§ **Data shown**
++++++++++

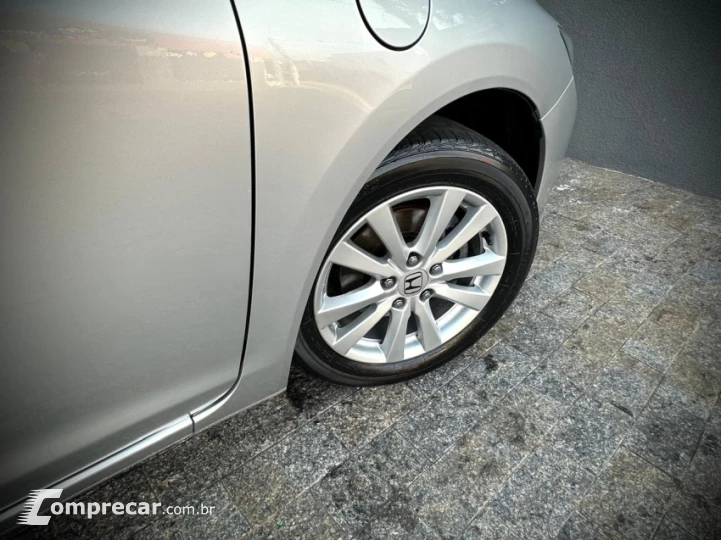 CIVIC 1.8 LXL 16V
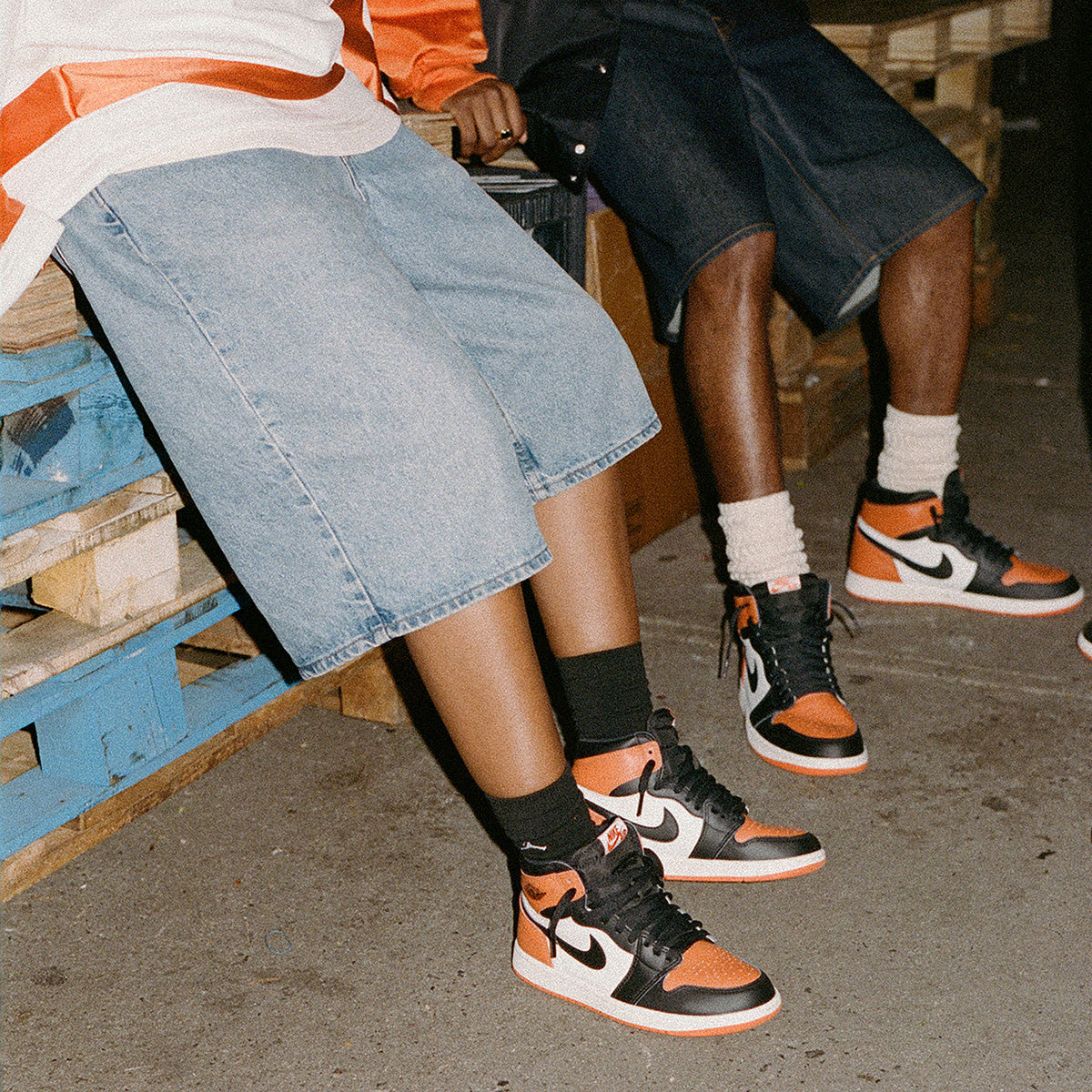 Air Jordan 1 Retro High OG Rmstd 'Black/Black-Sail-Starfish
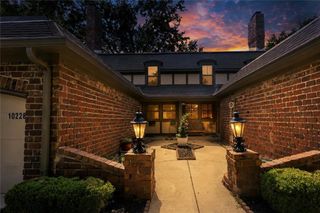10228 ROBINSON Street, Overland Park, KS 66212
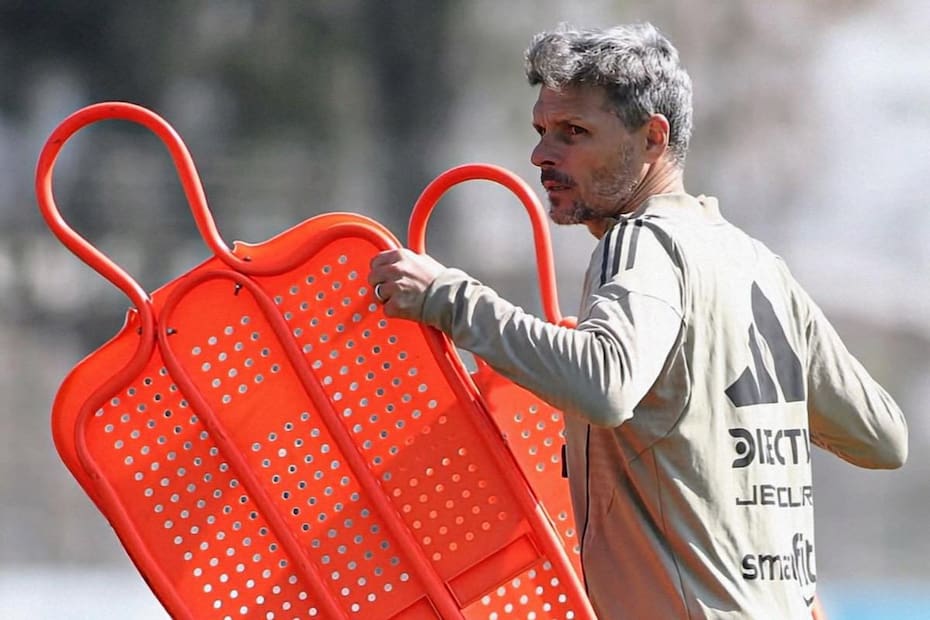 El entrenador argentino ya mira el encuentro ante la U.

++++++++++

§ **Try it**
Your reply should restate the data above word for word and contain no pictures.

§ **Exercise solution**
 CIVIC 1.8 LXL 16V
 Air Jordan 1 Retro High OG Rmstd 'Black/Black-Sail-Starfish
10228 ROBINSON Street, Overland Park, KS 66212
 El entrenador argentino ya mira el encuentro ante la U.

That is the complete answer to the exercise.